阿房の鳥も一飛び
読み方
あほう の とり も ひととび意味
どんなに愚かで役に立たないように見える者でも、時には一つくらいはうまくやったり、取り柄を示したりすることがある、というたとえ。相手を見下す響きが強く、褒め言葉としては使いにくい。由来
成立年代・初出は未詳。近世以降に広まった俗諺とみられる。「阿房鳥(あほうどり)」は人を恐れず捕らえられやすい海鳥として「愚かな鳥」と連想され、そのような鳥でも一度は飛ぶ、という発想から、愚者にも一得があることをたとえたもの。備考
「阿房」は強い侮蔑語。古風で使用頻度も低く、現代会話では相手を傷つけやすい。皮肉・冗談・解説文での使用が中心。例文
- 普段は失敗ばかりの彼が難問を解いたので、先生は「阿房の鳥も一飛びだな」と冗談めかして言った。

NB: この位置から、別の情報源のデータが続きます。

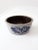 This vintage Beaumont Brothers pottery bowl, dated 1990, is crafted in salt-glazed stoneware and hand-painted with a...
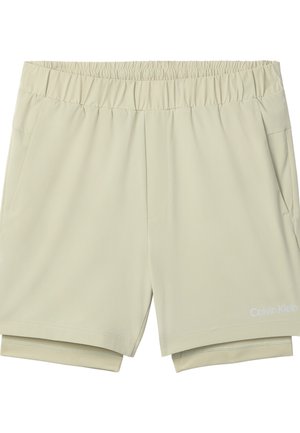 Beżowe szorty z elastycznym pasem, wewnętrzną warstwą kompresyjną, bocznymi kieszeniami i logo Calvin Klein na dolnej części prawej nogawki.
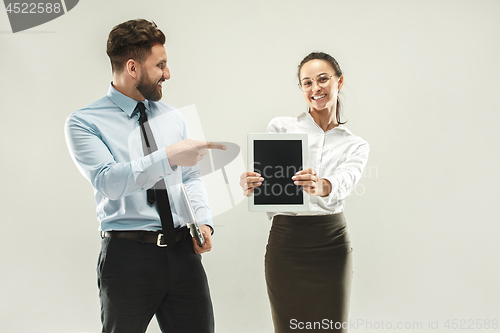 Image of Happy boss. Man and his secretary standing at office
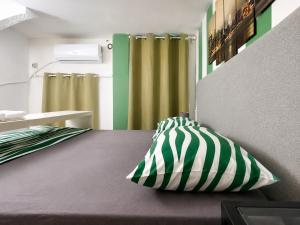 a bedroom with a bed with a pillow on it at Milano Brenta Suites Room for 2 in Milan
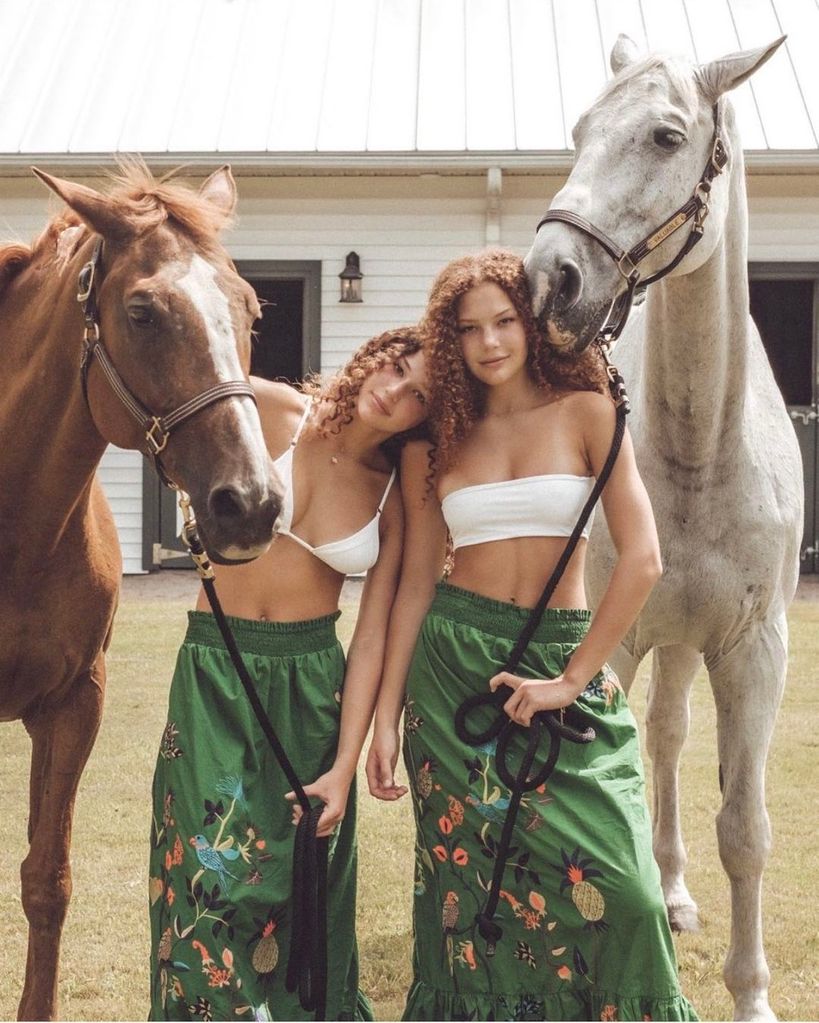 Isabella and Sophia Strahan posing with their horses on their mother Jean Muggli's farm, shared on Instagram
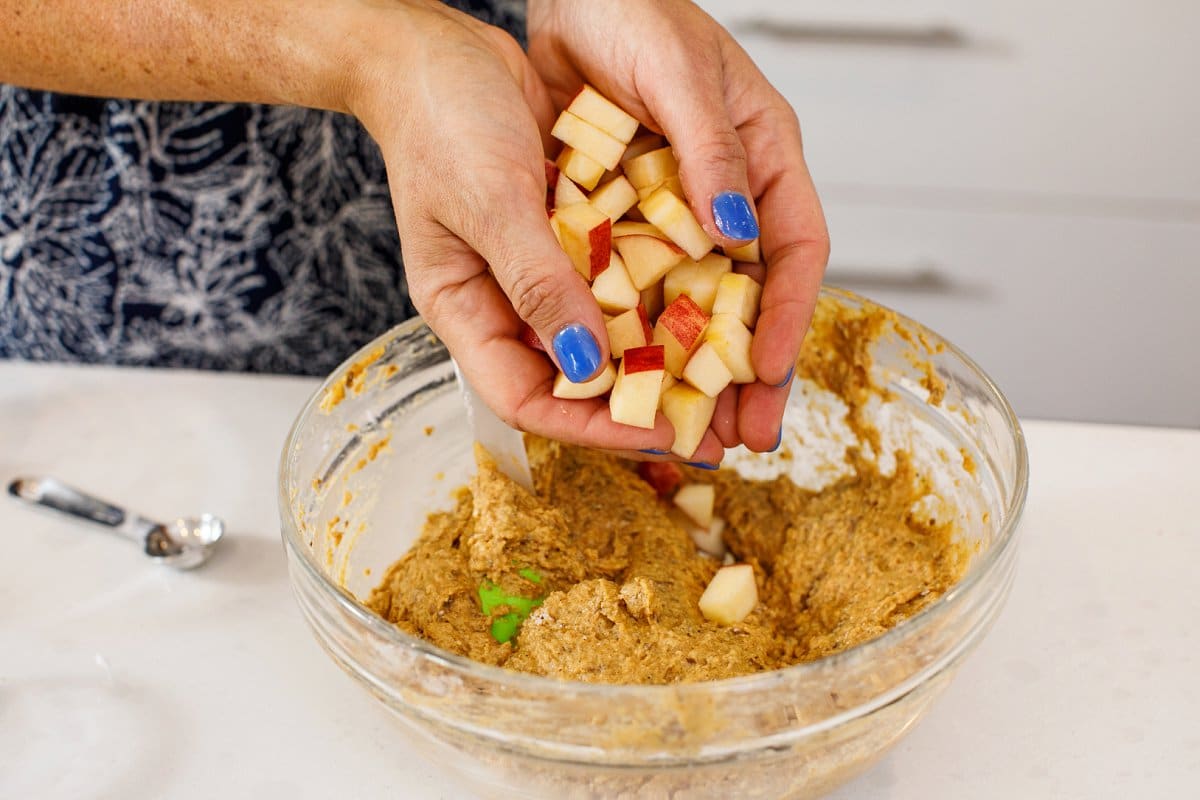 Liz's hands cupped full of chunks of apples being poured into the batter for pumpkin applesauce muffins in a glass bowl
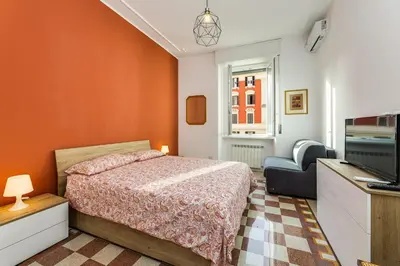 a bedroom with a bed and a tv and a chair at Giuliana Apartment Vatican in Rome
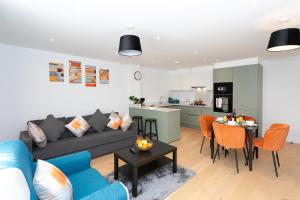 sala de estar y cocina con sofá y mesa en Watford Cassio Supreme - Modernview Serviced Accommodation en Watford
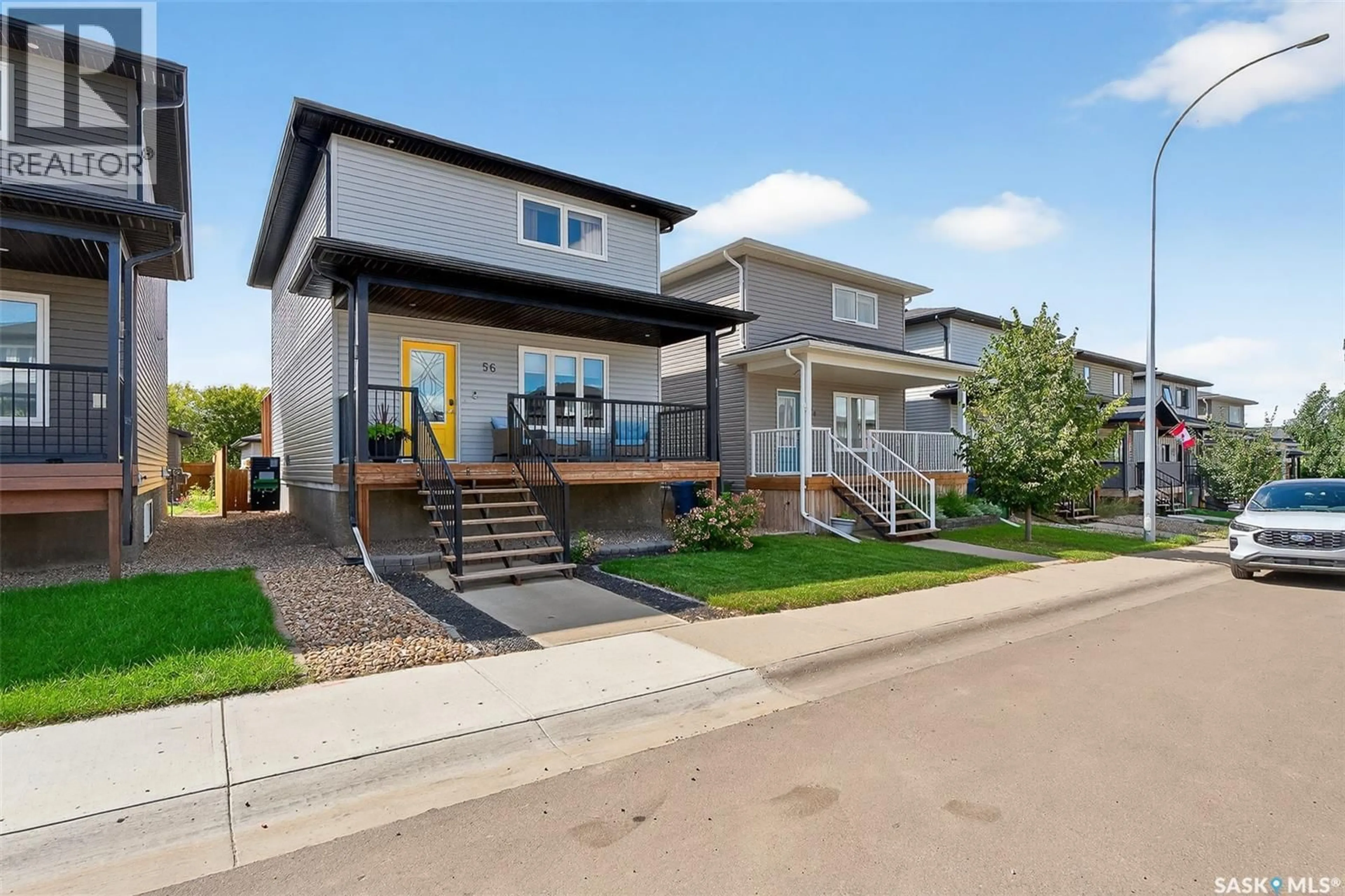 Home with vinyl exterior material, street for 56 BRIGHAM ROAD, Moose Jaw Saskatchewan S6K0A7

- あの新人の提案が採用されたのは意外だったが、まさに阿房の鳥も一飛びということだ。
- 彼を甘く見ていたが、今回の交渉では見事に成果を出した。阿房の鳥も一飛びとはこのことだ。
- ただし、人前で「阿房の鳥も一飛び」などと言えば侮辱に聞こえるので、使う場面には注意したい。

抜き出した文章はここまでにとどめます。